Published Date: 05/19/2014
By Reneé Watkins
More and more businesses are embracing the use of remote, or virtual, employees. Whether the opportunity to work remotely is provided as a perk, a recruiting tool or for cutting costs, it requires a different mindset on the part of both the employee and their manager to be successful.
Some managers would argue it is difficult to manage employees working on the same floor of the same building, let alone across the country or on another continent altogether. Despite the advent of technology designed to enable team collaboration around the globe, there can be challenges with managing remote employees.
Employees and managers alike wrestle with trust issues in a remote situation. Often remote employees are rarely seen in person on a regular basis. Management can sometimes question whether work is being done when they cannot see it with their own eyes. Remote employees wonder if they are getting the same or as much information as their counterparts at the home office.
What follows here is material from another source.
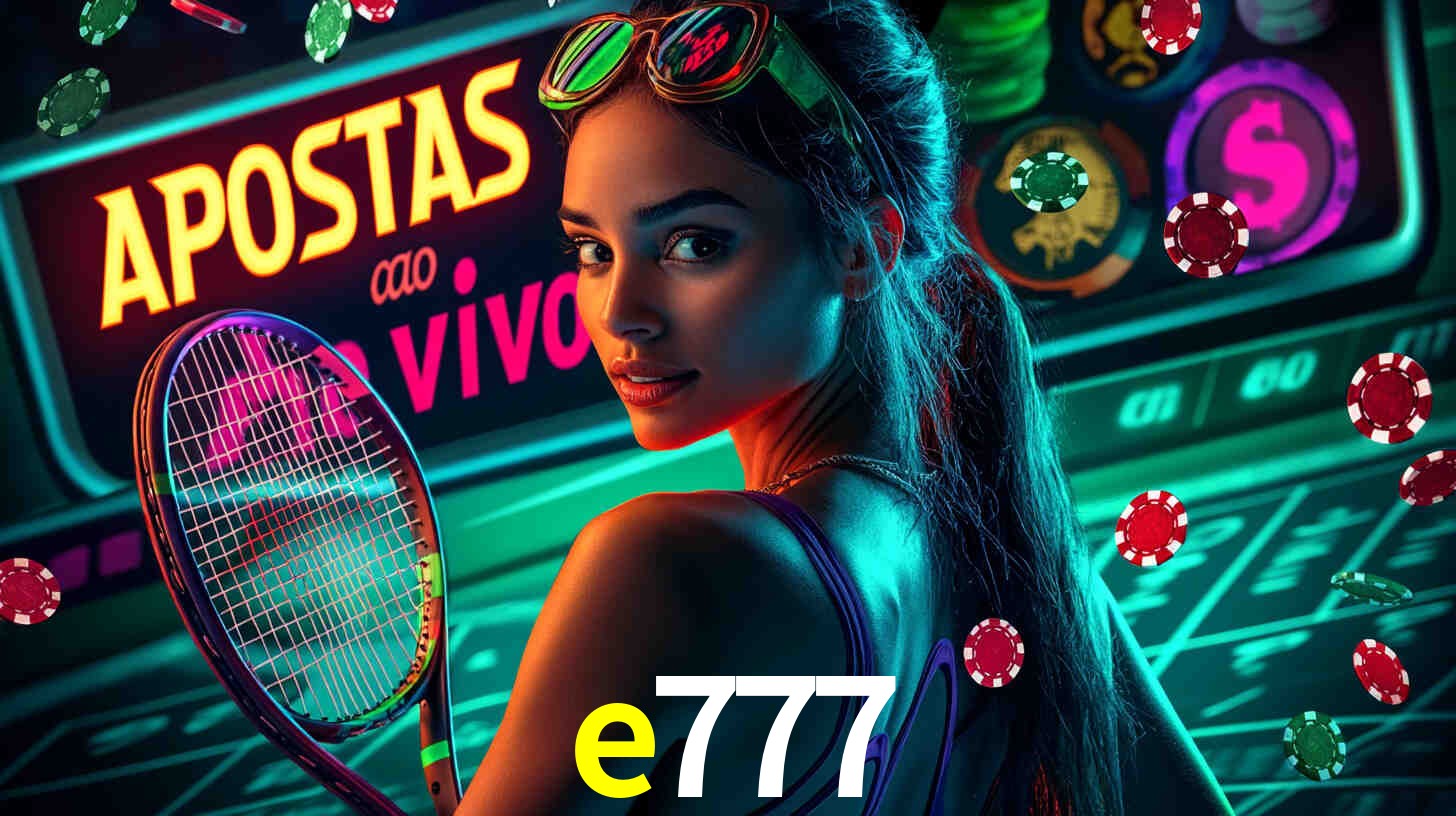 Descubra o Programa VIP da e777: Vantagens Exclusivas para Jogadores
Peers who may not have the opportunity to work remotely may show signs of resentment toward remote employees. This can serve to alienate remote employees and lead to being disengaged. In some instances, remote employees do not receive the same level of recognition as local employees upon completion of a significant milestone – “Out of sight, out of mind.”
Hiring the right worker for a remote opportunity usually means someone who is trustworthy and professional enough to work independently and efficiently with little direction from management. For this same reason, management needs to make an extra effort to include remote employees in meetings, announcements and other activities as if they were on-site.
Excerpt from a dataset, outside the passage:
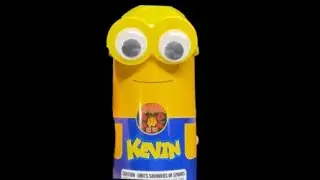 Kevin by Pyro Predator - Fountain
Here are some tips on how to manage remote workers:
Regular Status Updates
These should be held often enough to stay in sync with the remote employee, but not so often as to constitute micromanagement. By definition, a remote worker should not need micromanagement. However, if the remote worker desires more frequent status updates, do everything you can to accommodate them. This is a sign they desire more interaction and you want to keep them engaged in their job and the objectives you are working to achieve.
Work and Play
Remember interaction is not always about work. Employees and managers who work in the same office will naturally establish a bond on a personal level as well and engage in conversations which are non-work-related. Remote employees do not get this type of daily interaction, so it is important to work harder to have conversations about something other than work from time-to-time. Encourage other team members to reach out as well. If feasible, make sure remote employees are brought in for group activities or outings.
Where teams are involved, route documents and status emails to the entire group throughout the life of the project. Make sure everyone understands the importance of their own role, as well as others. Keep the remote employees involved and visible to the project and project team.
Open Lines of Communication
Remote workers are less likely to report problems out of fear they will lose the opportunity to work remotely. Also, it is more difficult to recognize a worker who is under stress when they are not in the office each day. Make sure your remote workers know you are there to help them be successful and they have an equal amount of access to your attention as local team members, regardless of distance or geography.